Zawalone Wdrożenie Magento

Zawalone Wdrożenie Magento

Dzisiaj zajmiemy się tematem, który czasami niestety się pojawia. Szkoda, że się pojawia, ponieważ jest on związany z zawalonymi wdrożeniami Magento 2.

Odpowiemy sobie na pytanie jakie są symptomy zawalonego projektu, jakie są przyczyny nieudanych projektów, jak dokończyć wdrożenie oraz ile może kosztować dokończenie takiego zawalonego projektu na Magento 2.

Co znajdziesz w tym artykule?

Jak naprawić zawalone wdrożenie Magento?
Symptomy nieudanego wdrożenia Magento
Co zrobić gdy projekt idzie źle?
Najczęstsze przyczyny nieudanych wdrożeń Magento
Audyt – plan naprawczy zawalonego wdrożenia Magento
Kto powinien dokończyć zawalone wdrożenie Magento?
Zawalone Wdrożenie Magento – podsumowanie

Jak naprawić zawalone wdrożenie Magento?

Jeżeli dotarłeś do punktu, w którym współpraca z obecnym Software Housem nie układa Ci się, widzisz, że efekty ich pracy są takie sobie i nie spełniają Twoich oczekiwań, a na pewno nie spełniają początkowej wizji tego projektu, to po prostu nadszedł czas na to, żeby przeprowadzić audyt z jakąś zewnętrzną firmą, która specjalizuje się w Magento.

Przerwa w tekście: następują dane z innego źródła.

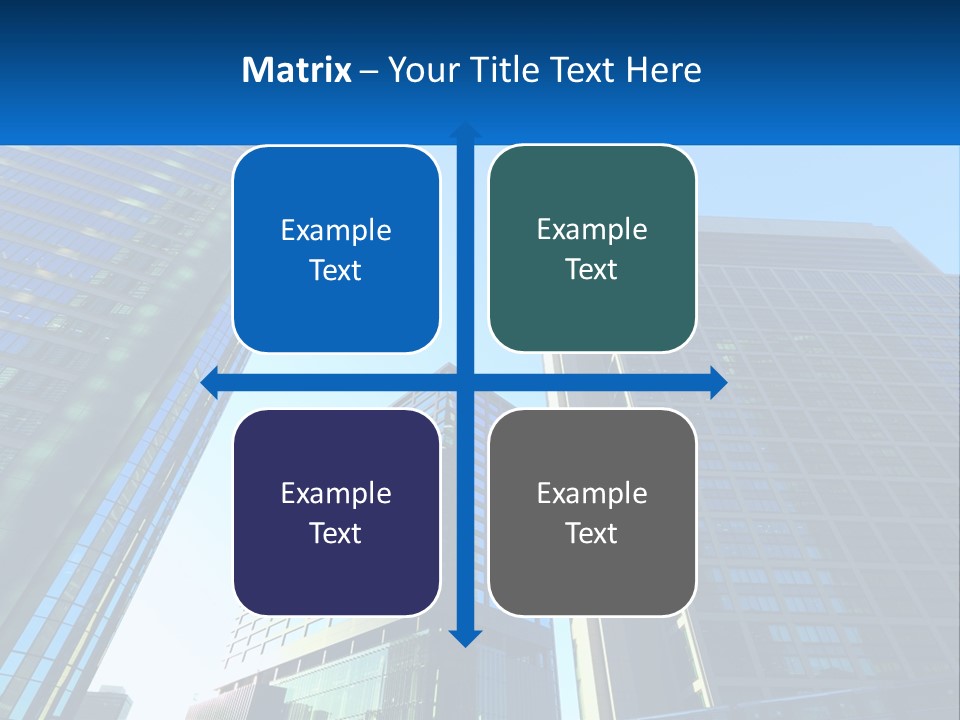 Conditioner Cooling Industry PowerPoint Template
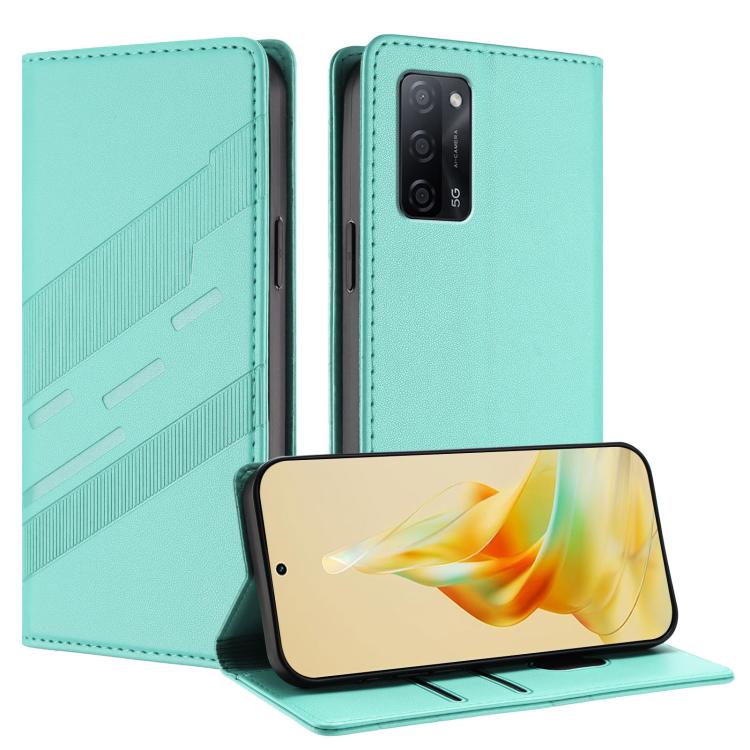 Embossed Multi-functional Wallet Retro Leather Phone Case, For Realme V11 5G, For Realme GT 5G, For Realme C20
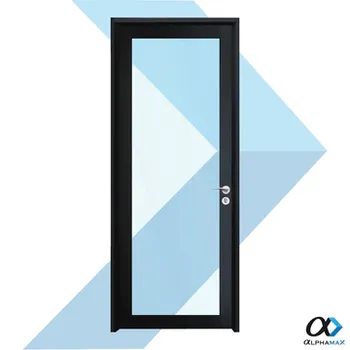 Pintu Alumunium Alphamax Max 11 - KC - Coklat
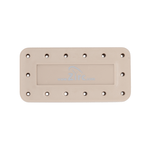14 Hole White, Magnetic Bur Block with Microban | SurgiMac Dental Supply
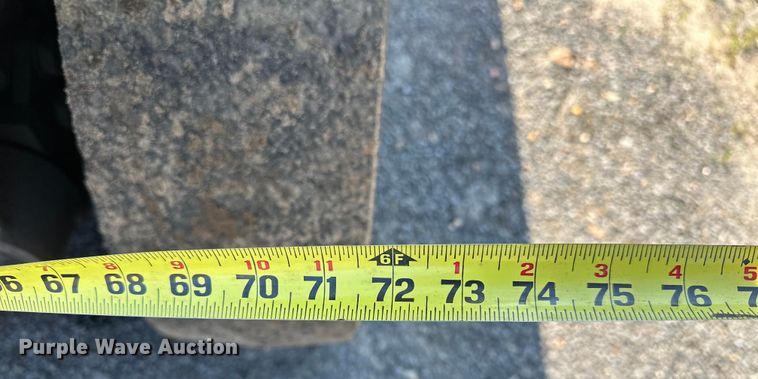 image for item NR9925 1993 Ingersoll Rand PT125R pneumatic roller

Będzie mogła ona ocenić jak rzeczywiście zostało zakodowane to Magento, na jakim etapie jest projekt i wypracuje plan, który doprowadzi Cię do zakończenia tego projektu.

Jest to prosta odpowiedź na to trudne biznesowe pytanie. Receptą na zepsute wdrożenie Magento jest po prostu przeprowadzenie audytu i wypracowanie planu działań, który doprowadzi do końca tego projektu.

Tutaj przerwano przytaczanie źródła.